### SOURCE MATERIAL

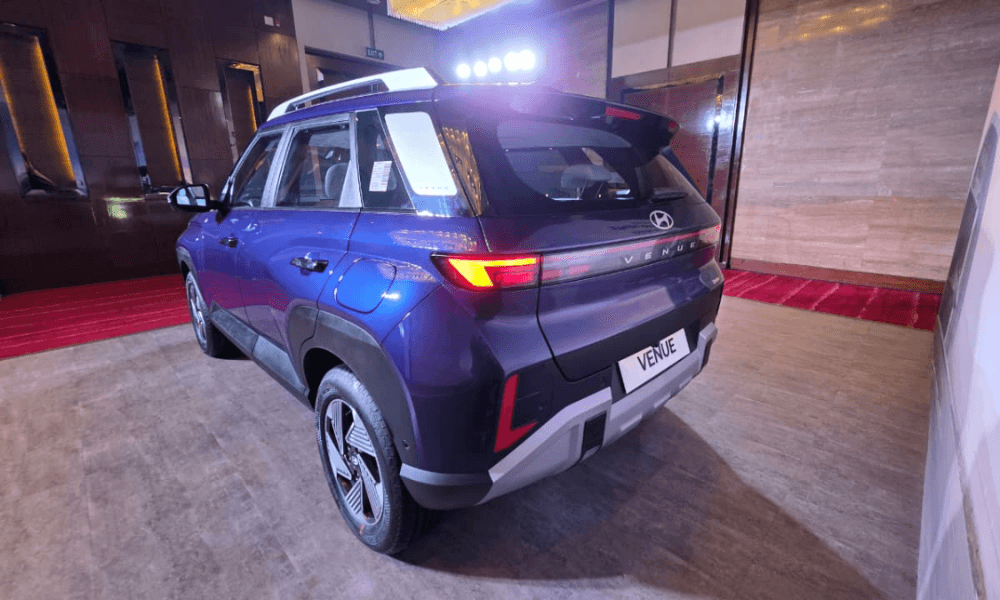 New Hyundai Venue Images Details Price Specifications Colours Pictures Exterior Interior carandbike 1
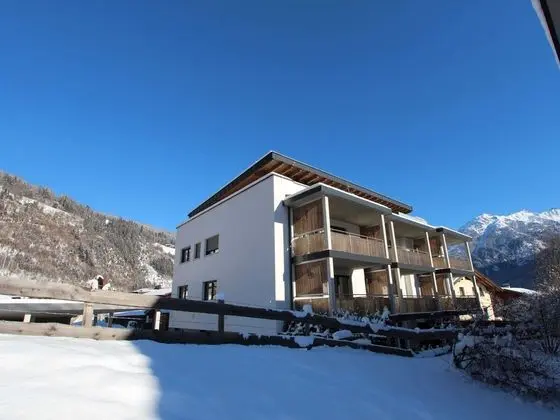 Modern Apartment in Neukirchen am Grossvenediger With Garden - Öne Çıkan Resim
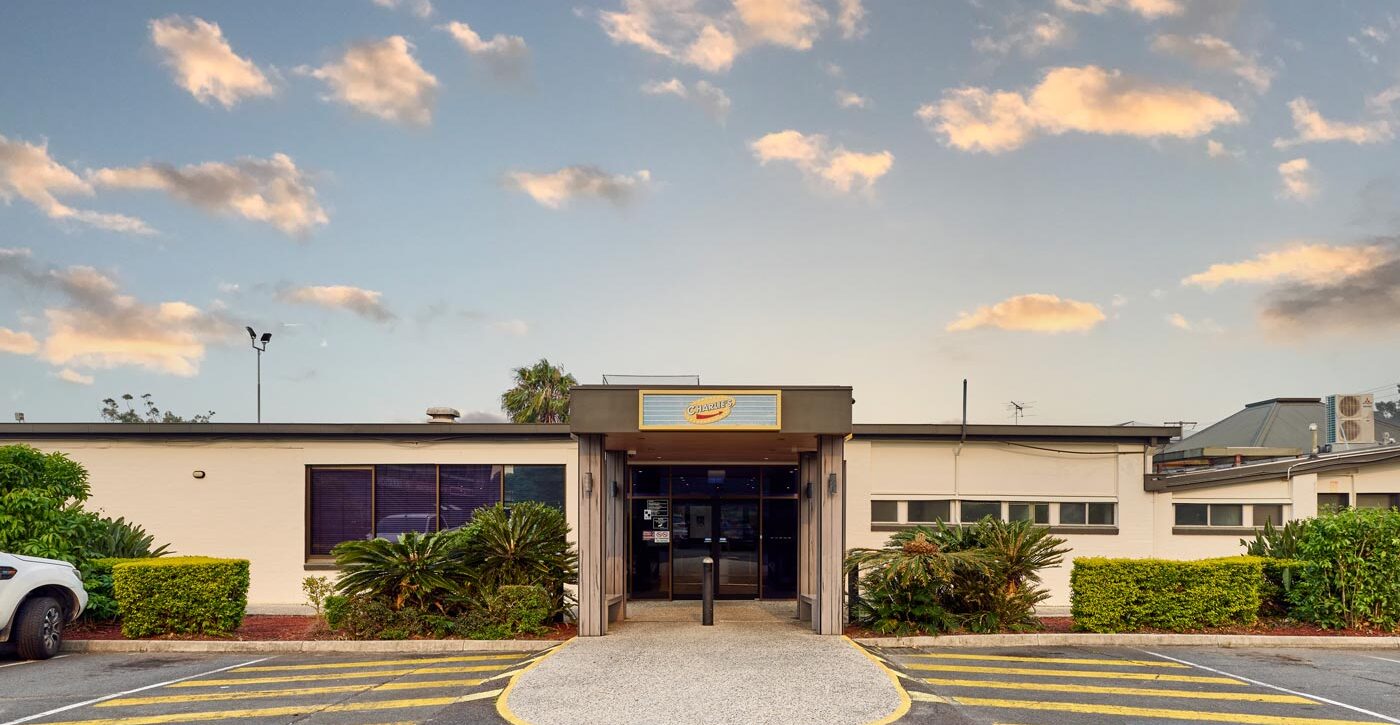 Club Hotel Waterford exterior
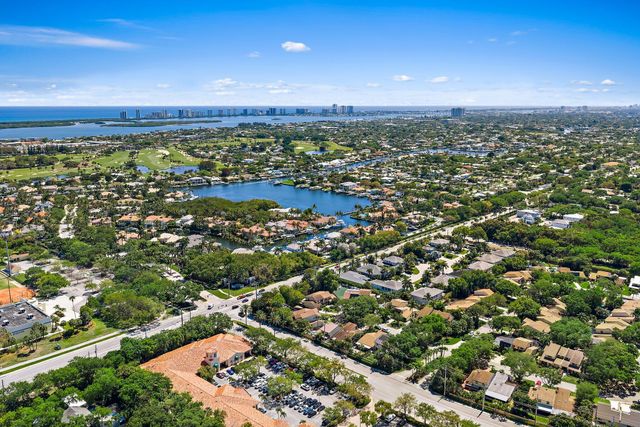 1007 Raintree Lane, Palm Beach Gardens, FL 33410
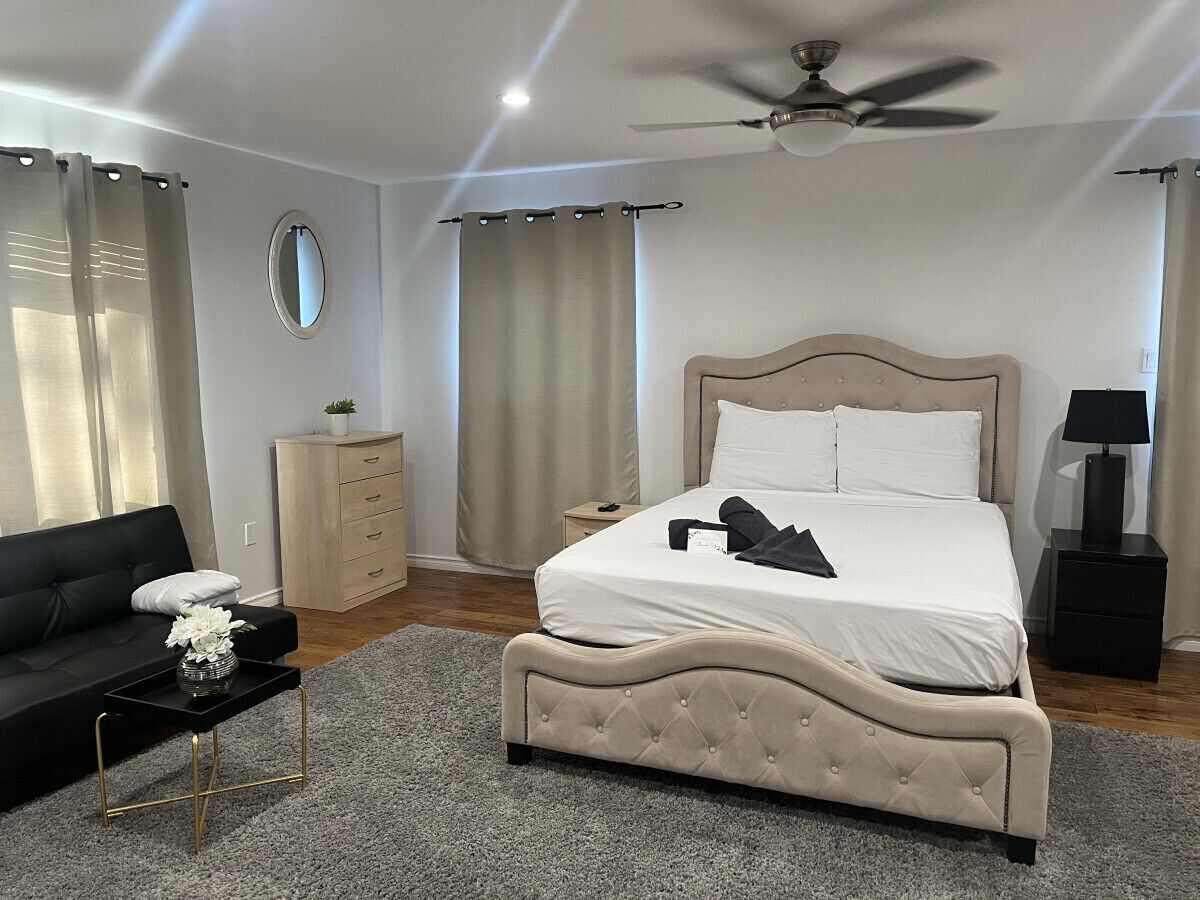 3 bedrooms, desk, iron/ironing board, travel cot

### WHAT YOU ARE ASKED TO DO
In the data above, find the line containing "Club Hotel Waterford exterior", then output it and every later line exactly, without the pictures.

### ANSWER TO THIS EXERCISE
 Club Hotel Waterford exterior
 1007 Raintree Lane, Palm Beach Gardens, FL 33410
 3 bedrooms, desk, iron/ironing board, travel cot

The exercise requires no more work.